James Tomlinson

Personal information
- Nationality: British (Welsh)
- Born: 11 January 2000 (age 26)

Sport
- Sport: Athletics
- Event: Discus
- Club: Birchfield Harriers

Achievements and titles
- Personal best: Discus: 63.18 m (2026)

Medal record
Men's athletics
Representing Wales
Commonwealth Youth Games
| Silver medal – second place | 2017 Nassau | Discus |

= James Tomlinson (discus thrower) =

British discus thrower (born 2000)

James Tomlinson (born 11 January 2000) is a British discus thrower from Wales. A successful junior, he is the British under-18 record holder.

==Biography==
From Pembroke Dock, Tomlinson took up discus as a junior athlete and won his first Wales Schools Championship in 2014. He qualified for the World U18 Championships as a 15 year-old but was too young to be able to compete in the discipline.

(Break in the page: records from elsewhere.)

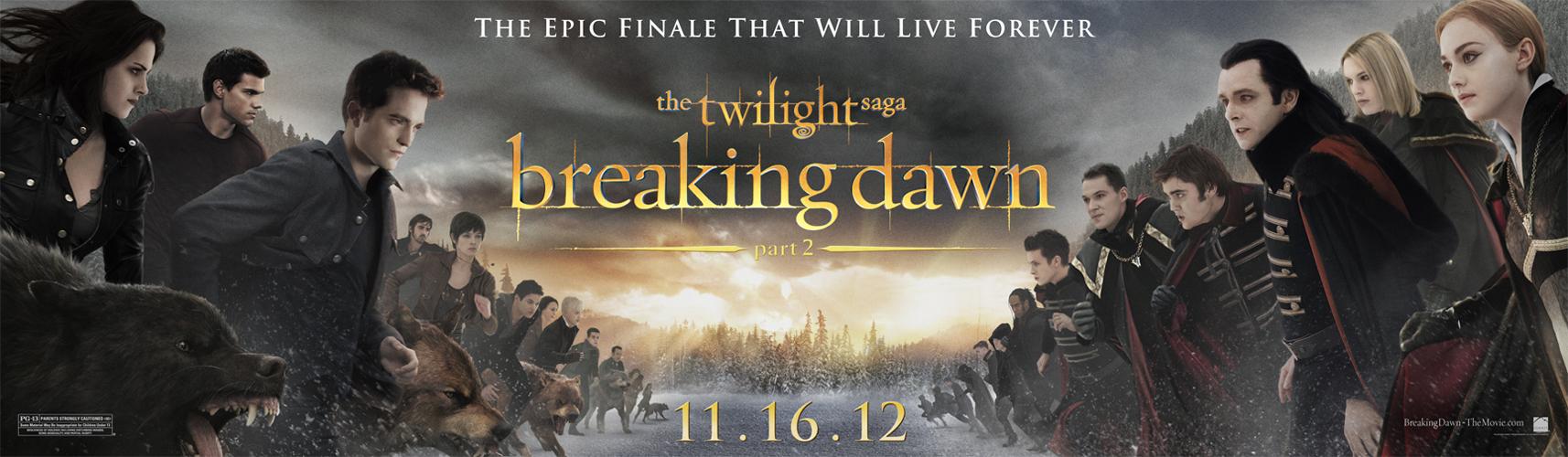 Wow ! Magnifique bannière de Breaking Dawn part 2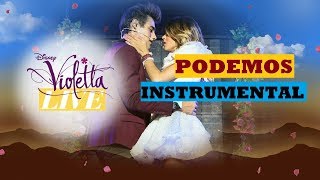 Violetta Live  PODEMOS  Karaoke Instrumental [upl. by Enyaj]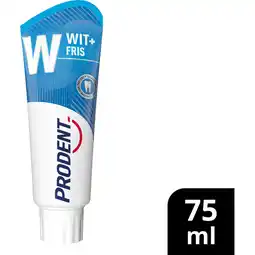 Jumbo Prodent Tandpasta Wit + Fris 75 ml aanbieding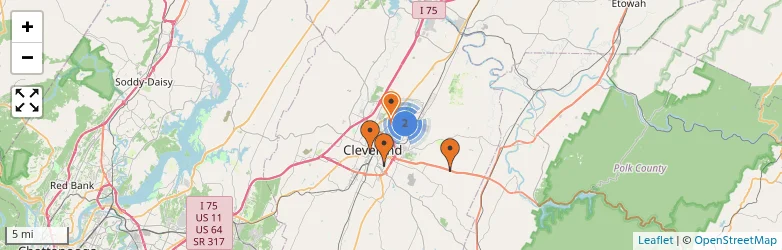 Related schools map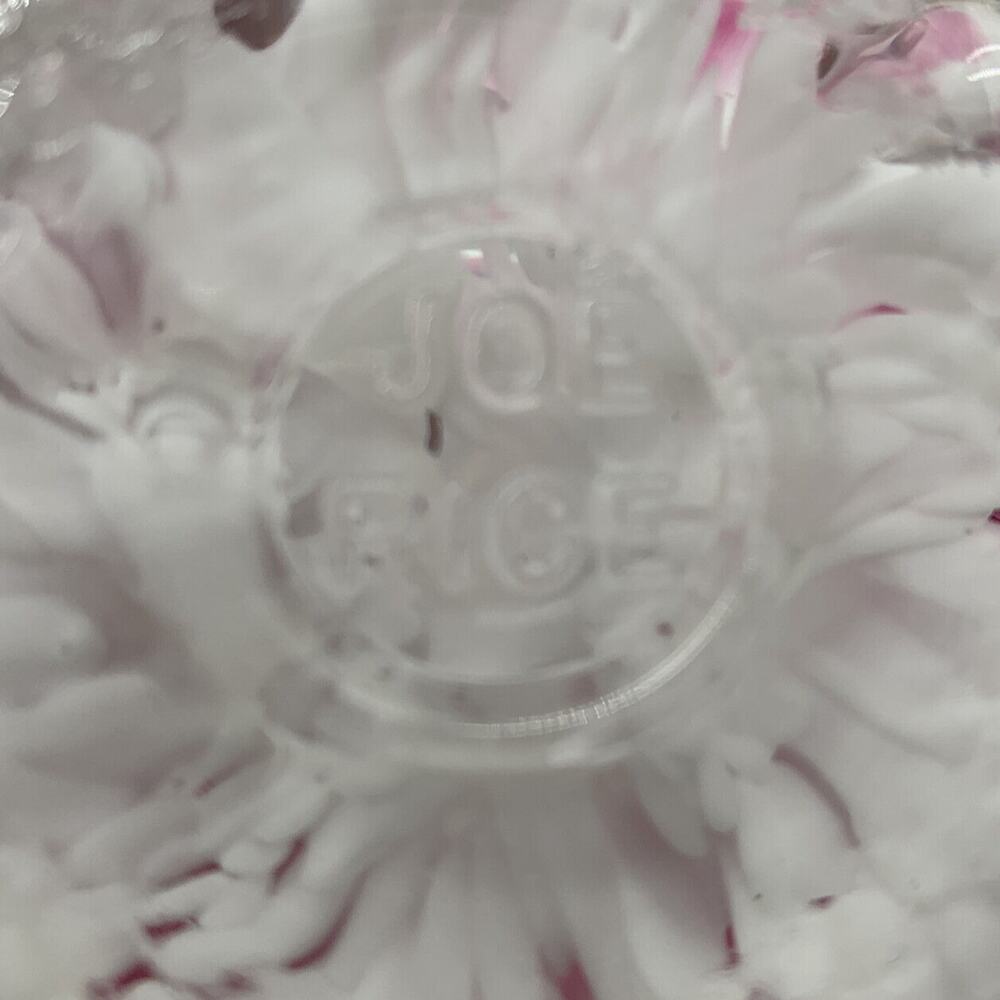 Vtg Joe Rice Perfume Bottle Cranberry Trumpet Flower Bullicanti - Picture 12 of 12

He became the British under-18 discus record holder in 2017 while competing at Loughborough International, recording a distance of 63.48m with the 1.5 kg disc. He was a silver medalist behind Connor Bell of New Zealand at the 2017 Commonwealth Youth Games in the Bahamas, with a best measured throw of 60.11 metres, although suffered misfortunate when his final throw could not be measured after it struck a judge.

Tomlinson later attended Pembrokeshire College. Competing for Pembrokeshire Harriers, Tomlinson broke the Welsh under-20 discus record at the Cardiff Throws Open with 60.24 metres in August 2019. Later that month, he then broke British under-20 discus record with 61.64 metres, surpassing the previous record of 60.46m that had been held by Brett Morse since 2008.

Later a member of Birchfield Harriers, he threw a personal best of 57.30 metres in 2023. He won the England Athletics senior championships in July 2024 in Birmingham with a best throw of 57.23 metres, and placed fourth that year at the 2024 British Athletics Championships in Manchester.

Competing in Ramona, Oklahoma at The Oklahoma Throws Series World Invitational event in April 2026, Tomlinson made a succession of throws that landed over 60 metres, first throwing 60.80 m before improving his best distance to 61.15 m, and then to a new personal best of 63.18 m. Tomlinson placed second competing for Wales in the discus at the 2026 Loughborough International in May.